An example we love to use when discussing estate planning for pets, is that of real estate and hotel tycoon, Leona Helmsley, who famously left $12 million dollars to her dog, Trouble. Even if you don’t have $12 million dollars, but you love your pets like family, how do you plan for them? There are several options, but the two most common are to set up a “pet trust” or to specifically discuss your pet in your will. The first option is more complex, but it also gives one the assurance of exactly what a trustee of a pet trust is allowed to do for the lifetime of a pet. A pet trust is also a private document that does not get filed with the register in probate, so it never becomes public knowledge. It also avoids your pet ever becoming a piece of personal property subject to distribution.

The simpler option is to either bequeath your pet to a specific person (hopefully you know ahead of time that the person wants your pet), or direct your personal representative to take special steps in regards to the care and maintenance of your pet. Keep your pets in mind when you do your estate planning. I’m sure they will appreciate it!

Playing Keep Away: Exempt Assets

Efficient planning for Medicaid qualification often feels like a game of “keep away”. What is the State going to be able to keep, and what can a person keep safe? One of the most important ways to plan for Medicaid qualification is determining which assets, if any, are exempt from inclusion in a person’s assets, or in the assets that a spouse is able to retain. Many people don’t understand what can be retained, and what doesn’t count at all when making an application for Medicaid.

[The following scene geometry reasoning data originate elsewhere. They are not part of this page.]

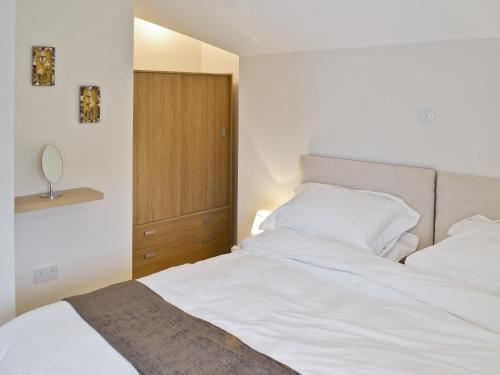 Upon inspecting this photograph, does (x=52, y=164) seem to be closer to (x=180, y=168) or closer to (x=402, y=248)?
(x=180, y=168)

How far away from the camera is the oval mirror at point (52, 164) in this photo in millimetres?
2695

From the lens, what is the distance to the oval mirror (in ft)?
8.84

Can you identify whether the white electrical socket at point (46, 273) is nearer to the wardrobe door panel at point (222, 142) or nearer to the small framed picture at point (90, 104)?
the small framed picture at point (90, 104)

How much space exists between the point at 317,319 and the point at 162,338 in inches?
23.1

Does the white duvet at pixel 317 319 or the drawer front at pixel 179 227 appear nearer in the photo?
the white duvet at pixel 317 319

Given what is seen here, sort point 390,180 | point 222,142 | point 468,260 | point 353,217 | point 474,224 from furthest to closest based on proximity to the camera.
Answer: point 222,142 → point 390,180 → point 353,217 → point 474,224 → point 468,260

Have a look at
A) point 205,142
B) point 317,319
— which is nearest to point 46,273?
point 205,142

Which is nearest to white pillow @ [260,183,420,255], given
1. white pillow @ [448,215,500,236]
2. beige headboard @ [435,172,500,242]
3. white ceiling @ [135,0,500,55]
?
beige headboard @ [435,172,500,242]

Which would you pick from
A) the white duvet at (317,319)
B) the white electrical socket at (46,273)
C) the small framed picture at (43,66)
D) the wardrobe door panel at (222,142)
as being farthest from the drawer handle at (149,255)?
the small framed picture at (43,66)

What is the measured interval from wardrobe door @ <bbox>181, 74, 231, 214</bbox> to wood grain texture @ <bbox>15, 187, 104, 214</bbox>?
105 centimetres

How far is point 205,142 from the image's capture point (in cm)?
392

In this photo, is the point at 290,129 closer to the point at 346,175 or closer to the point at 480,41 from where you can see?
the point at 346,175

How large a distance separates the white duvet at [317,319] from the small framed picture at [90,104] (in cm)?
112

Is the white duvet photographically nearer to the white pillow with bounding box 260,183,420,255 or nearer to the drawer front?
the white pillow with bounding box 260,183,420,255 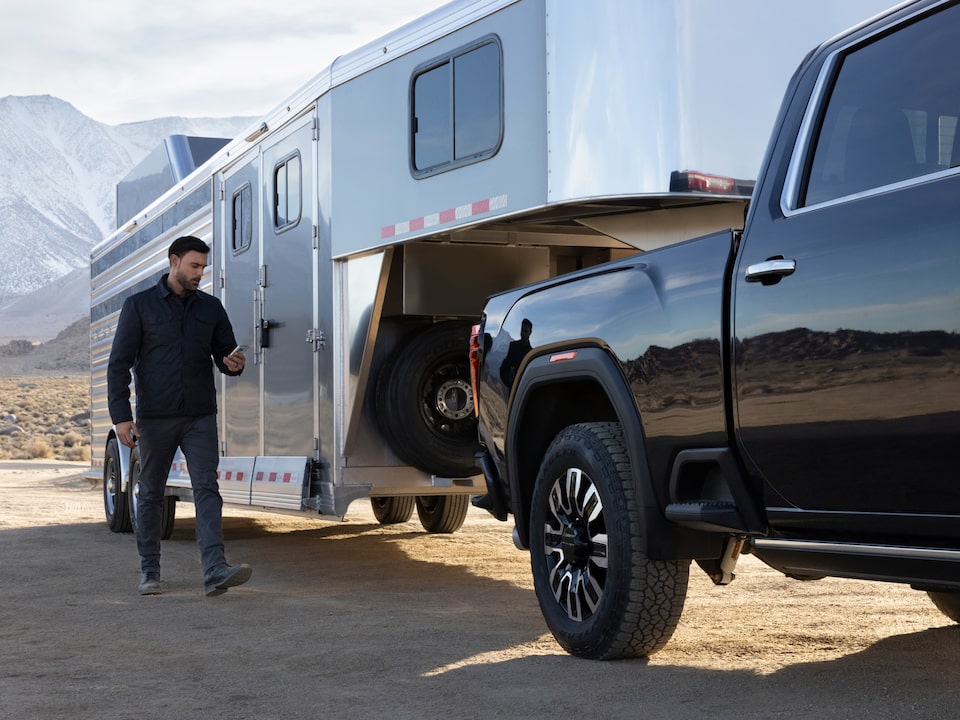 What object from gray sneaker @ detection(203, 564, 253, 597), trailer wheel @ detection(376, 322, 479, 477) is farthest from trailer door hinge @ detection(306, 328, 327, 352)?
gray sneaker @ detection(203, 564, 253, 597)

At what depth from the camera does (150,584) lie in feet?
25.1

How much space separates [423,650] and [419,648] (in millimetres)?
51

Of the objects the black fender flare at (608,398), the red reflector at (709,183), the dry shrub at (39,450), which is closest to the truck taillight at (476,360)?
the black fender flare at (608,398)

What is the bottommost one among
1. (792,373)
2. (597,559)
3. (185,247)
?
(597,559)

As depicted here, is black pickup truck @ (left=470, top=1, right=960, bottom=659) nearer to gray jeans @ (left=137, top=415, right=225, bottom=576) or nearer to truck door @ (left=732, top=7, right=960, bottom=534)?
truck door @ (left=732, top=7, right=960, bottom=534)

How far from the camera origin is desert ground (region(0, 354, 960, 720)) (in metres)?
4.50

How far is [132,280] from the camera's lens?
1288 cm

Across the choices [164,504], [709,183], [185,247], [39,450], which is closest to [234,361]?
[185,247]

The most commonly exempt assets for a single person are:

-$2,000.00 cash;

-pre-paid burial and funeral arrangements and;

-personal property (clothing, electronics, household items, etc.).

For the spouse not on Medicaid, in addition to the above items:

-homestead property (house and all contiguous land);

-one vehicle, and;

-all of the community spouse’s retirement accounts.

As with any and all topics involving Medicaid, there are several quirks, nuances and exceptions to consider. There are several other potentially exempt assets (as well as “unavailable” assets which is the subject of a different article) depending on each individual situation. For example, this article does not discuss the additional assets that the spouse is allowed to retain (which I do not consider “exempt” for these purposes.)

Planning ahead, and shifting of assets from non-exempt to exempt can be a great way to retain as many of your hard-earned assets as possible. Just as in a game of keep away, timing can be vitally important. Doing something too early, or too late, can result in you or your loved one losing the game.